# Dead Cow - Now What?



## BJ (Aug 8, 2004)

I have a cow who apparently had a freak accident in the night or early morning. While going down a creek bank looks like the bank was undercut by all of the recent rain. Bank collapsed and somehow she got flipped over and landed on her back in the creek. Looks like she died immediately as no signs of a struggle. :cow: Naturally she is located in a low spot close to a water gap where there is nothing but extremely soft ground. No way for me to get my tractor and loader in to pick her up. I used a come-a-long and inch by inch was able to move her a very short distance out of the water.

Now what do I do with her? 1500 lb cow too big to do much of anything with her by hand and it will be July before this area is dry.

A neighbor suggested I cover her with lime. Not sure how you cover a humongus animal with lime and what will be the effect on that creek water? I've only had one cow die on me and I was able to move her to the roadside for the renderer to pick up. This situation is totally different and not possible to relocate her.

Suggestions are welcomed. :help:


----------



## DaleK (Sep 23, 2004)

Call the renderer and see what they can do. The ones here have at least 200' of cable on their winches so he MIGHT be able to get close enough. Or you could borrow a long rope or cable from somewhere.

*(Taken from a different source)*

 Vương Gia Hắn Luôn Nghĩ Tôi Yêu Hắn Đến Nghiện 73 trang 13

Don't leave her there, lime won't help.

If all else fails, you can use a chainsaw to cut her up into more manageable pieces.


----------



## agmantoo (May 23, 2003)

Get her a little farther from the water and cremate her. A fat cow will burn much easier than you may think.


----------



## ErinP (Aug 23, 2007)

Pull her out to the dead pile and let the coyotes have her. :shrug:


----------



## ozark_jewels (Oct 7, 2005)

I have to ask.......where in Missouri are you located?? I'd love to help you take care of all that freshly dead beef. I feed raw to my dogs and that is an awful lot of dogfood. Too much to waste by burning......if you have dogs to feed anyway.


----------



## BJ (Aug 8, 2004)

ErinP said:


> Pull her out to the dead pile and let the coyotes have her. :shrug:


We don't have a "dead pile"....and we are concerned that leaving her for the coyotes will put our calves in danger by drawing more coyotes and bobcats to our property.


----------



## Karin L (Oct 5, 2006)

I'm thinking that coyotes will only attack calves if they don't have anything else to eat. With that large cow their bellies would be too full to even consider attacking any calves.


----------



## BJ (Aug 8, 2004)

agmantoo said:


> Get her a little farther from the water and cremate her. A fat cow will burn much easier than you may think.

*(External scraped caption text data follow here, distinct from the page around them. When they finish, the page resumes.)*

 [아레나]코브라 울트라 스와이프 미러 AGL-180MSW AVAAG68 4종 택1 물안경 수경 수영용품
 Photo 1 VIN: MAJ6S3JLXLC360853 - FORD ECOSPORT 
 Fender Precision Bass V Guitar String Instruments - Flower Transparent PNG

In her location, this may be our only option. Wonder how much timber this would take. As long as we can burn without setting the timbered area on fire...hopefully everything is wet enough. No leaves yet on the trees that are still bare from winter.


----------



## ozark_jewels (Oct 7, 2005)

We lost an old Holstien in February after she calved. I cut off all the meat, froze it in portion size for my dogs, and let them clean the bones for the next few days. Then I burnt what was left. Much less to burn that way and much less goes to waste.


----------



## fishhead (Jul 19, 2006)

I think some people compost their dead cattle. Cover it with a deep pile of bedding straw or wood chips once you get it away from the stream. Make sure that you don't leave it on a slope that runs off to the stream.


----------



## Ronney (Nov 26, 2004)

These situations are always a curse. I bite the bullet and pay to get a digger in and bury it - and most times they can drag the animal out from the inconvenient places they choose to die. We don't have things such as Coyotes here but it does put paid to the dogs scavenging and the wild pigs coming in for a feed, it takes away the stink of burning especially if you have neighbours (you can guarantee the wind will be blowing the wrong way) and burning doesn't dispose of all of it. A hole in the ground disposes of it cleanly and is out of sight and mind.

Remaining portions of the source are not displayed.